Task directions — Below are records with pictures. Reproduce exactly the lines from the line with "2016 thumb 1" to the line with "Used Rear right", inclusive, and leave each picture out.

Extracted entries —

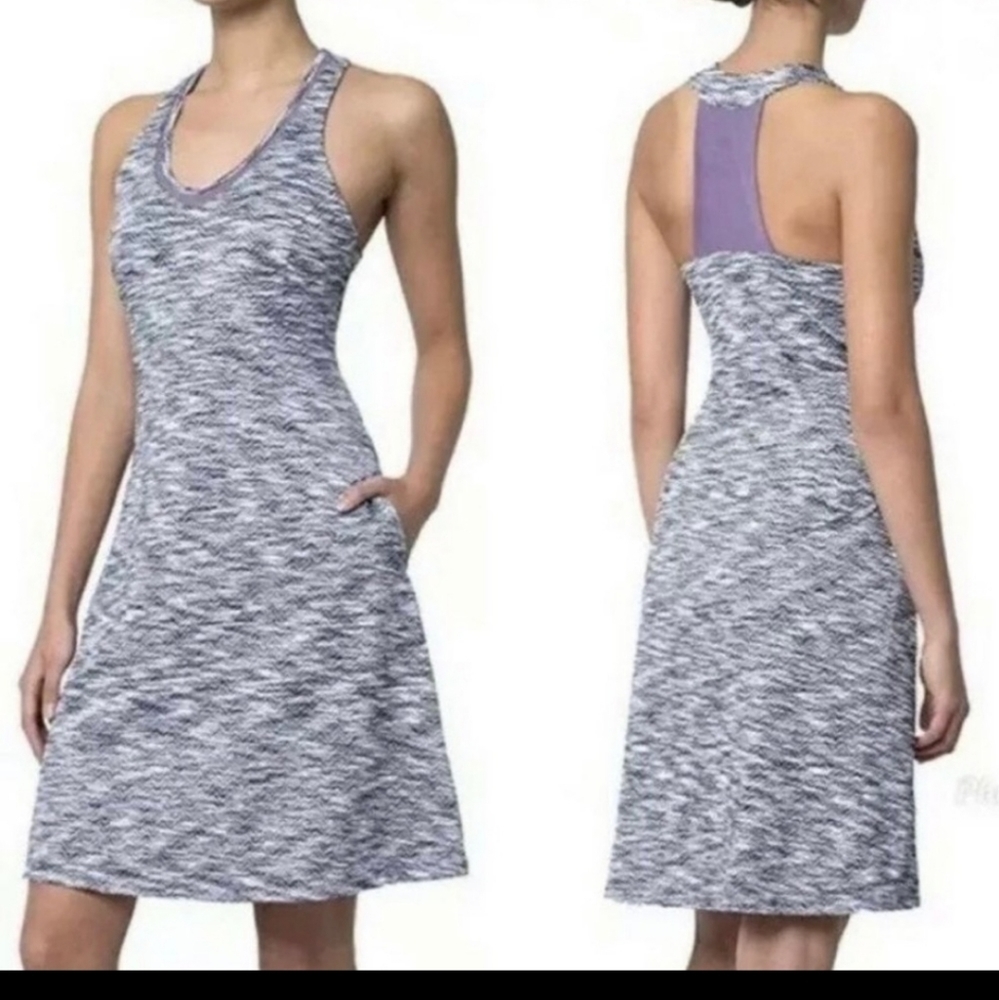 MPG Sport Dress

* * *

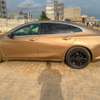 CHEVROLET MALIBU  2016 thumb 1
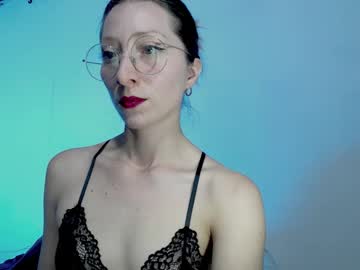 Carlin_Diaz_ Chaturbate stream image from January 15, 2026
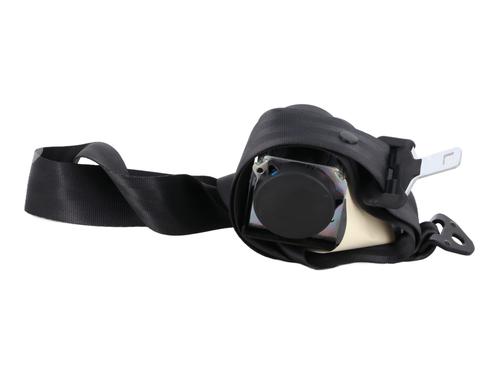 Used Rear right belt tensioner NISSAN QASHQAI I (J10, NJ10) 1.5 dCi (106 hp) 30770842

==

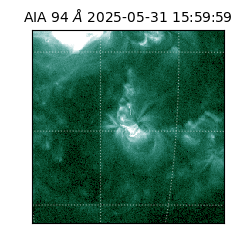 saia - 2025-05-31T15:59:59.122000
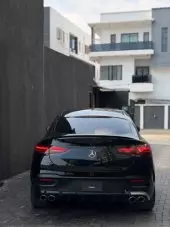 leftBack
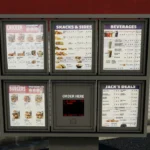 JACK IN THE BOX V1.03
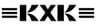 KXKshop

Answer for the task —
 CHEVROLET MALIBU  2016 thumb 1
 Carlin_Diaz_ Chaturbate stream image from January 15, 2026
 Used Rear right belt tensioner NISSAN QASHQAI I (J10, NJ10) 1.5 dCi (106 hp) 30770842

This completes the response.